Aynı sabırsızlık, toplumu da sarmış durumda. Enflasyon düşsün ama zam gelmesin! diye haykırıyoruz. Belediyenin bir haftada çözdüğü sorunu, ertesi gün sosyal medyada linç ediyoruz. Oysa Japonya’da bir belediye başkanı, 30 yılda yeraltı sel sistemini tamamladı ve kimse onu "Acilen bitir!" diye protesto etmedi. Çünkü biliyorlar: Gerçek çözümler, kök salar. Bizse "likeların" ve "retweetlerin" gücüne inanıp, sandık başına bile gitmiyoruz. 2023 seçimlerinde gençlerin %40'ı oy kullanmadı, ama Twitter’da "ülke battı" hashtag’iyle trend oldular. İronik değil mi?
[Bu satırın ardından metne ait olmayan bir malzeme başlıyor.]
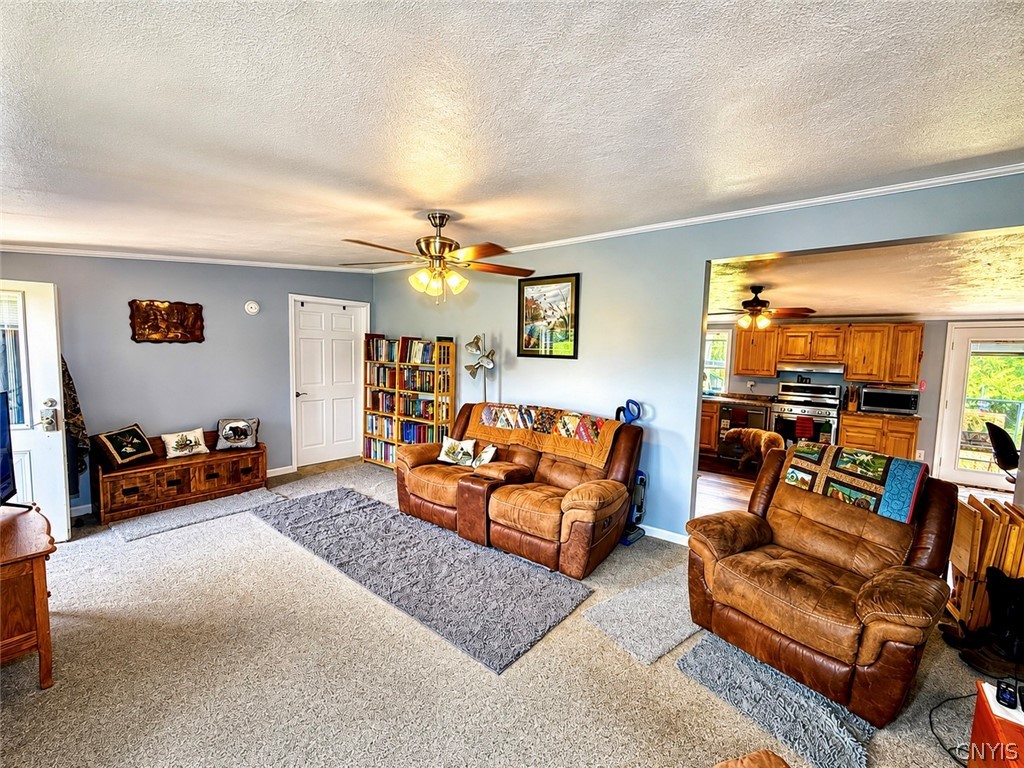 6317 Brown Road Eaton, NY 13408 - Photo 12 of 40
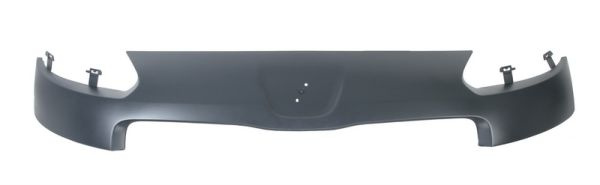 Grila radiator (6502075562991P BLIC) PEUGEOT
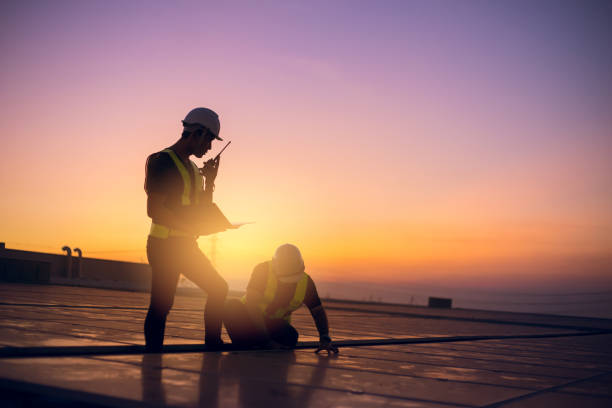 Best Roof Waterproofing Services  in Brisbane, CA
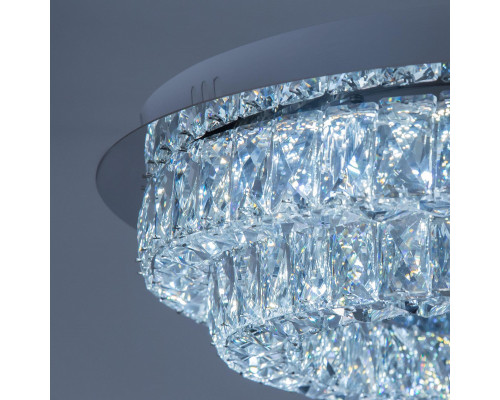 Купить Накладная люстра Eletto EL330C80.1| VIVID-LIGHT.RU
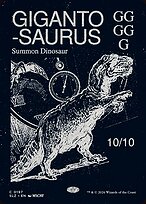 Gigantossauro — The Zeta Set 197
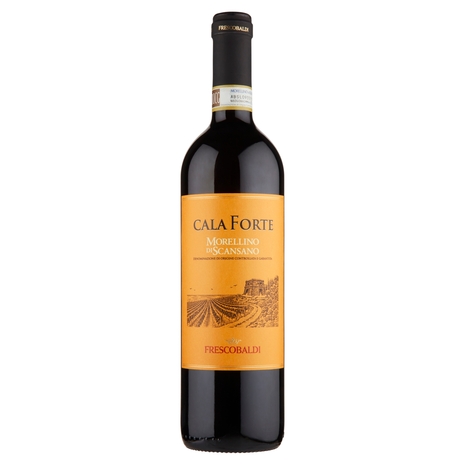 Frescobaldi Cala Forte Morellino di Scansano DOCG 750 ml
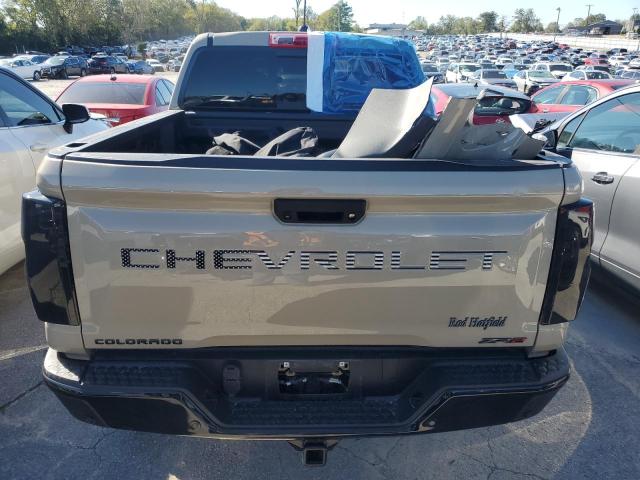 Фото 6 - CHEVROLET COLORADO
Çözüm, telefonu çöpe atmak değil. Beynimizi "otomatik pilot"tan çıkarmak. Mesela, İspanya’da bazı restoranlar, "Telefonsuz yemek yiyene %10 indirim" uyguluyor. Çünkü fark ettiler: Bir tabak yemeği fotoğraflamak, lezzeti öldürüyor. Ya da Japonya’daki "Shinrin-yoku" (Orman Banyosu) akımı gibi: Teknolojiyi bırak, doğanın sesini dinle… Belki biz de her akşam 20 dakika "ekransız zaman" ilan etmeliyiz. Çay demlerken suyun kaynamasını izlemek, çocuklarla göz teması kurmak… Oslo’da bir okul, teneffüslerde öğrencilere "toprakla oynama" saatleri koydu. Sonuç? Dikkat dağınıklığı %30 azaldı. Çünkü ellerini kirletmek, ruhu temizliyor.
Geçen hafta bir dostum anlattı: "Çocuğumun ilk adımını videoya çekeyim derken, gözümle bile görmedim!" İroniye bakar mısınız? En mutlu anları belgelemek uğruna, onları yaşayamıyoruz. Halil Cibran’ın dediği gibi: "Hayat, bize verilmiş bir lütuftur; ölçüp biçmek için değil, dans ederek yaşamak için." Peki ya dijital çağın "dansı"? Sürekli bir "hız çarkı" içinde dönüp durmak… Sosyal medyada "mutlu" pozlar verirken, yalnızlığımızı derinleştirmek…
Dijital çağın en büyük paradoksu şu: Bir yandan dünyaya açılıyoruz, diğer yandan kendi içimize kapanıyoruz. Norveç’te gençler arasında "tek başına kamp" modası başladı. Telefonsuz, en yakın kasabadan 50 km uzakta… Sebep? "Gerçek benliği duyabilmek için." Bizdeyse herkes "benliğini" TikTok’taki filtrelerin ardına saklıyor.
Rahmetli babam, gençliğinin geçtiği Marmaris’de ki çınarı anlatırdı: "Kökleri 900 yıldır orada. Her dalı sabırla uzamış." Bugün o çınar hâlâ ayakta. Bizse "5 adımda başarı" rehberleriyle kökümüzü unuttuk. Belki de "dijital çağın köleleri" değil, "gerçek hayatın çınarları" olmalıyız… Tıpkı Endonezya’daki Bajo kabilesi gibi: Denizin ortasında ahşap evler inşa ediyor, teknolojisiz bir medeniyet kuruyorlar. Çünkü biliyorlar: İnsan, doğanın ritmiyle var olur.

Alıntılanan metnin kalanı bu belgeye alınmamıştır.